Second, there is James 4:4 Ye adulterers and adulteresses, know ye not that the friendship of the world is enmity with God? whosoever therefore will be a friend of the world is the enemy of God. Look, Pastor Charles Blake is a very educated, intelligent and accomplished man. He knows what these human rights people are about. He knows what the civil rights crowd is and was about. He knows that “human rights” has no place in a Biblical worldview. Yet he does this because of his position in the world and his desire to keep it.
So ultimately, this has nothing to do with homosexuality at all. It is all about worldiness, and what Bishop Charles Blake has allowed himself to get mixed up with is still more evidence why Christians, most of all pastors, should heed the Bible’s instructions to flee it.

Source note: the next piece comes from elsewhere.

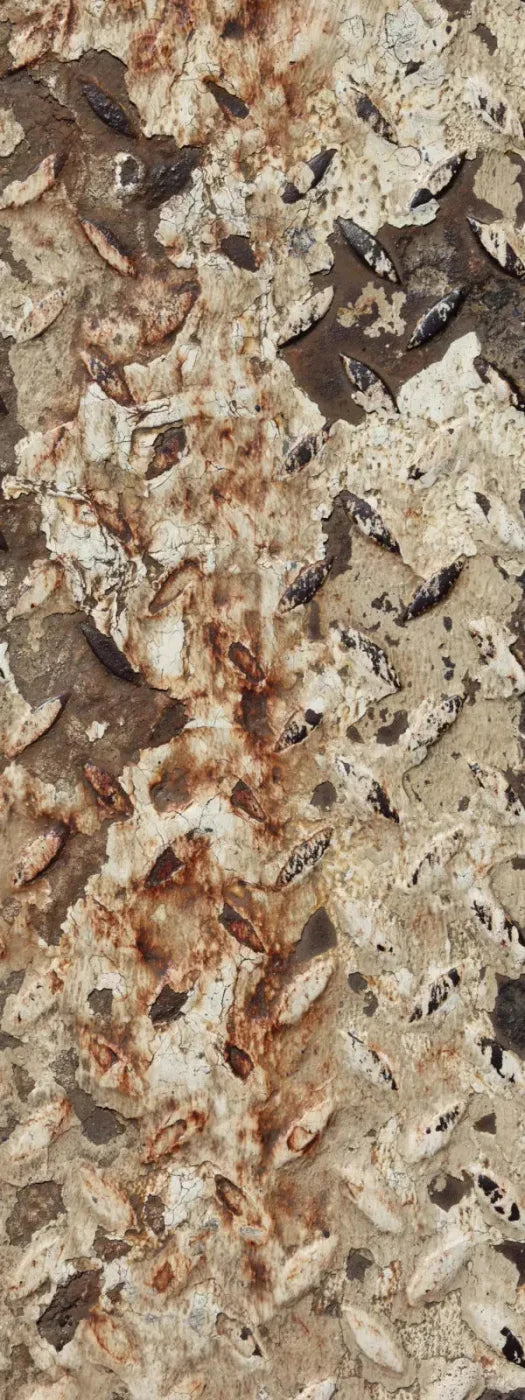 Tread 8X20 Ultracloth ( 96 X 240 Inch ) Backdrop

P.S. I don’t want any of you folks coming on here quoting what some famous preacher or theologian says about human, civil, or individual rights, and I ESPECIALLY do not want to read any nonsense about “natural law” or any other perversion of what scripture teaches about common grace. Those things are not the process of a literal, exegetical reading of scripture, but notions that came to us from systematic theology. Systematic theology is the convergence of Bible doctrines (which truthfully, is not exactly the Bible itself, but is honestly one step removed) and western philosophy, and western philosophy originated and is largely rooted in pagan Hellenism. Now while systematic theology has its uses (especially for westerners and we do live in a western culture … I should point out that for non – western people systematic theology is must less useful and more problematic, and non – western Christians have been trying to communicate this fact for centuries), it has to be directly wedded to the Bible to make sense. But once you depart from the Bible, well let us just say that I am convinced that a skilled enough systematic theologian could make a compelling case that 1+1=3. If you don’t believe me, go read about how some of the great systematic theologians justified such things as torturing and killing heretics. Yep, the same folks who went around prattling about human or individual rights derived from natural law thought nothing of tying someone to a stake and burning him to death, using green wood so that the death would be as slow and painful as possible. The truth is that if you read the Bible exegetically and refrain from eisegesis (infusing the text with ideas and meanings that aren’t present), you will not find the concept of human, individual, or civil rights and liberties in the Bible, only of man’s responsibility to respond to God in faith with service, obedience, and trembling.